- **Exercise goal**: Copy every line of the data exactly, keeping out any picture.

*** Opening of Extracted information ***

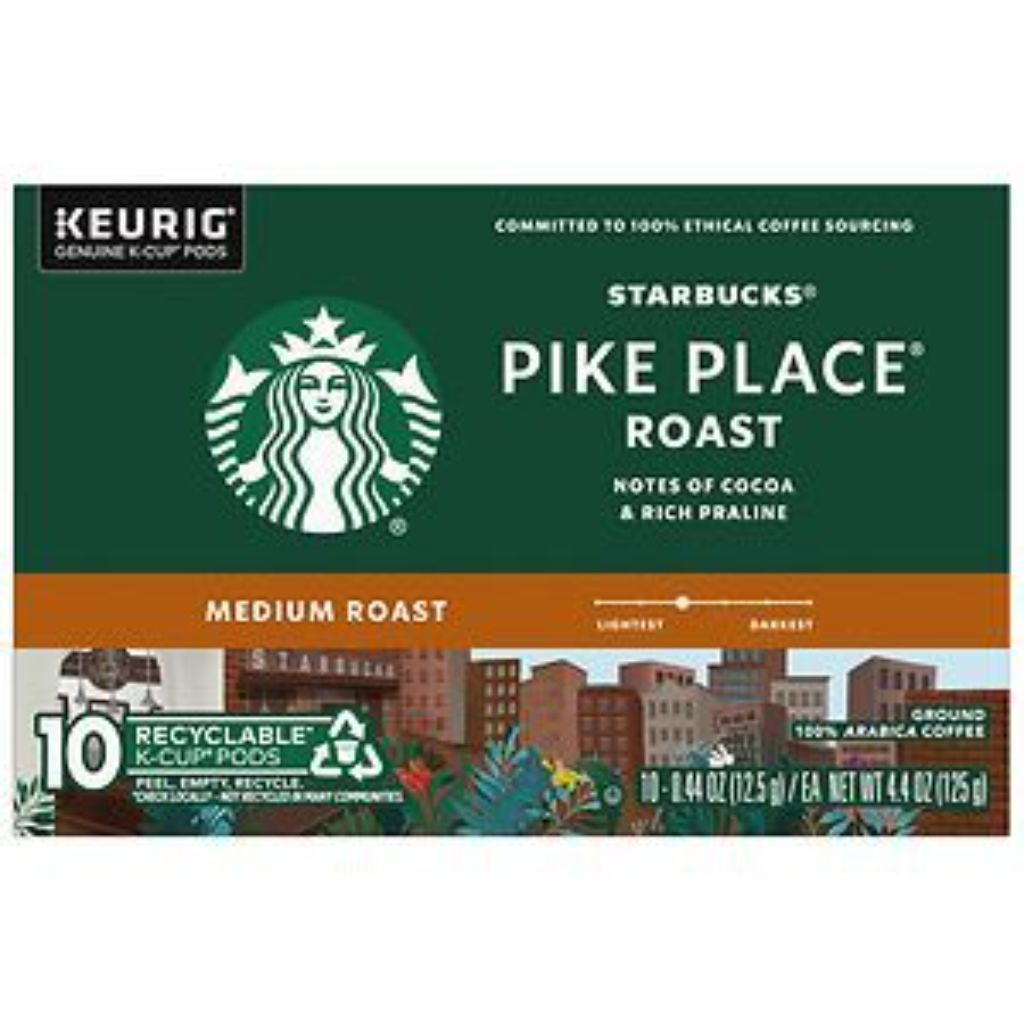 Starbucks Pike Place Medium Roast Keurig K-Cup Coffee Pods, 10ct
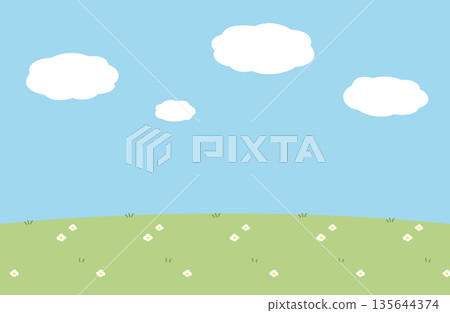 Cute picture book style background image of blue sky, clouds and flowers. Fairytale background material vector illustration of clear sky and grassland. 135644374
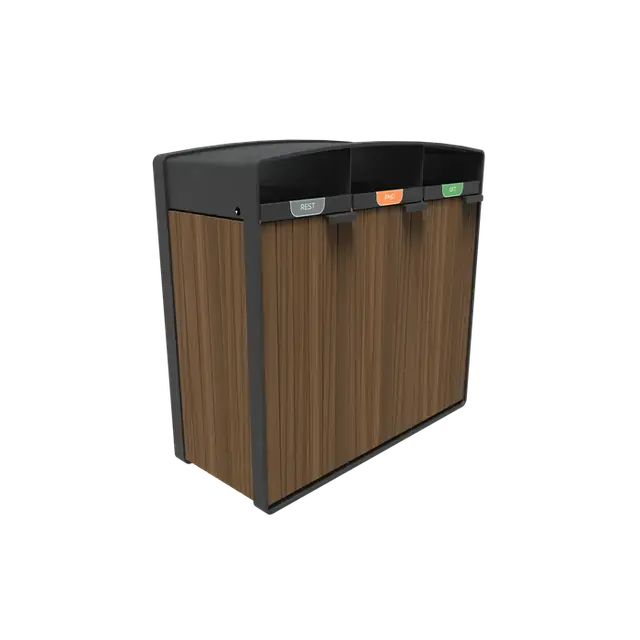 Eenvoudig retourneren - Gecoat staal AfvalbakkenSTORR met houtbekleding1195 x 550 x 1150 mm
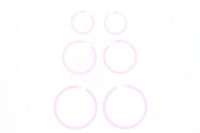 Set of 3 Assorted Size Translucent Neon Pink Hoop Earrings/ Sleepers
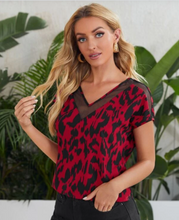 Load image into Gallery viewer, VICKIE V-NECK SHEER MESH INSERT LEOPARD TOP
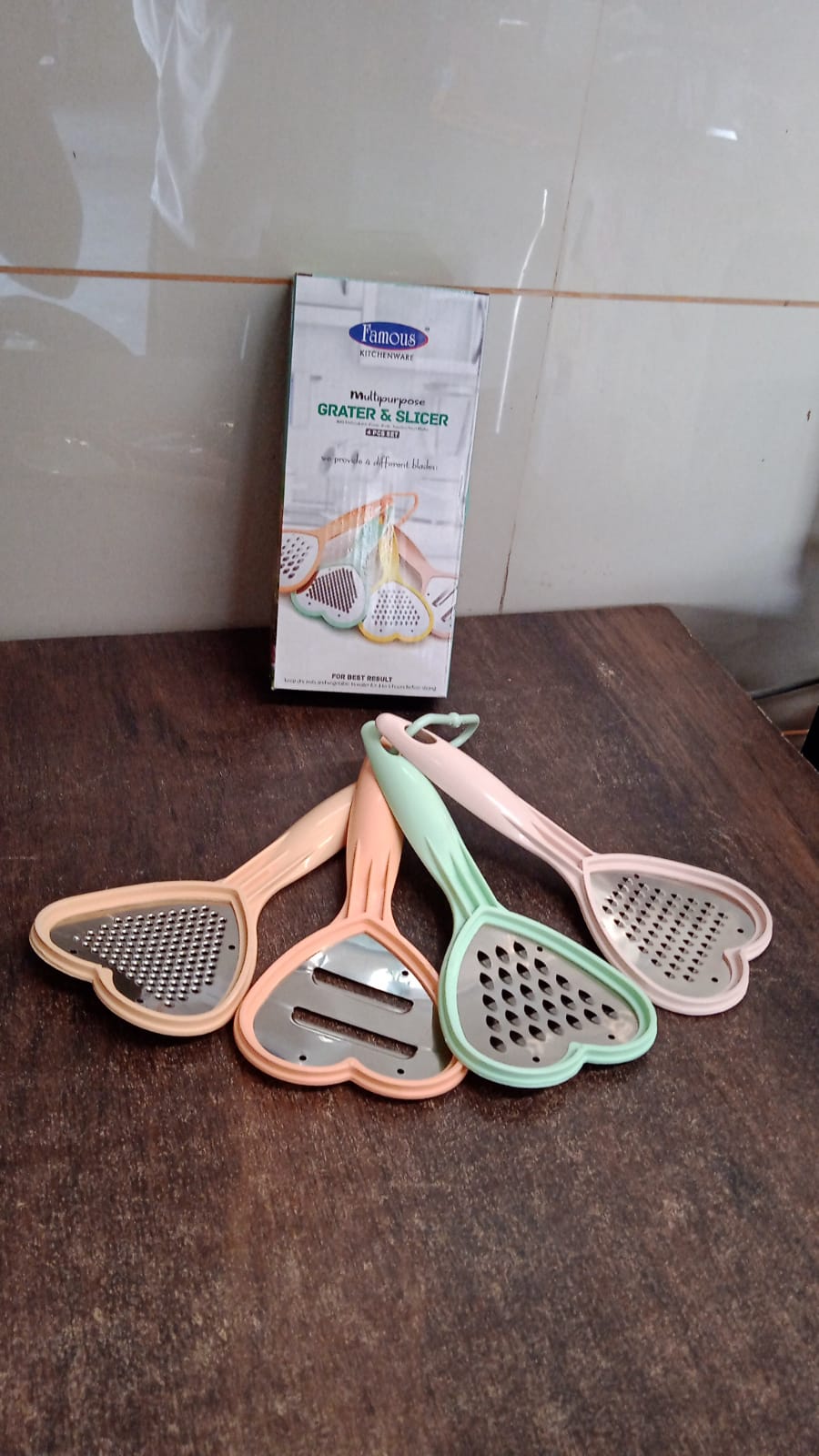 Heart Grater Set and Heart Grater Slicer Used Widely for Grating and Slicing of Fruits, Vegetables, Cheese Etc. Including All Kitchen Purposes. Variety Bazaar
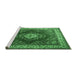 Sideview of Machine Washable Medallion Emerald Green Traditional Area Rugs, wshtr1883emgrn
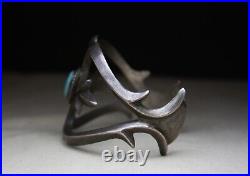 Vintage Native American Navajo Sandcast Sterling Silver Turquoise Cuff Bracelet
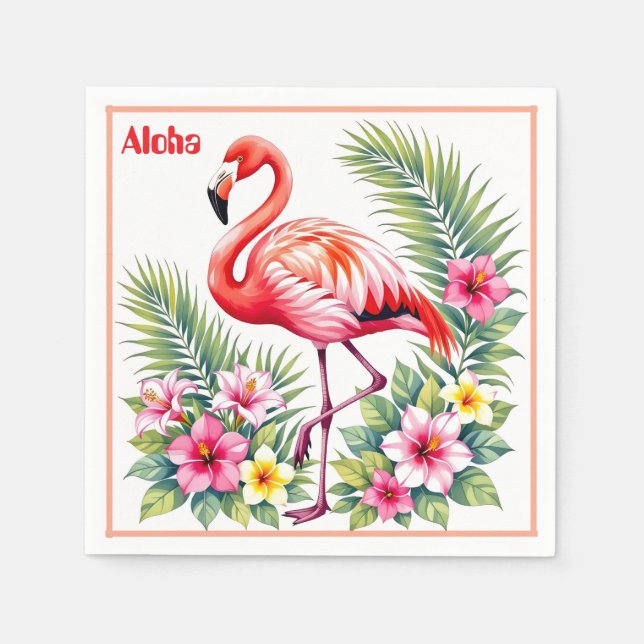 Benutzerdefinierte Wasserfarbe Rosa Flamingo Flora Serviette (Vorderseite)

*** Close of Extracted information ***

- **Output for this exercise**:
 Starbucks Pike Place Medium Roast Keurig K-Cup Coffee Pods, 10ct
 Cute picture book style background image of blue sky, clouds and flowers. Fairytale background material vector illustration of clear sky and grassland. 135644374
 Eenvoudig retourneren - Gecoat staal AfvalbakkenSTORR met houtbekleding1195 x 550 x 1150 mm
 Set of 3 Assorted Size Translucent Neon Pink Hoop Earrings/ Sleepers
 Load image into Gallery viewer, VICKIE V-NECK SHEER MESH INSERT LEOPARD TOP
 Heart Grater Set and Heart Grater Slicer Used Widely for Grating and Slicing of Fruits, Vegetables, Cheese Etc. Including All Kitchen Purposes. Variety Bazaar
 Sideview of Machine Washable Medallion Emerald Green Traditional Area Rugs, wshtr1883emgrn
 Vintage Native American Navajo Sandcast Sterling Silver Turquoise Cuff Bracelet
 Benutzerdefinierte Wasserfarbe Rosa Flamingo Flora Serviette (Vorderseite)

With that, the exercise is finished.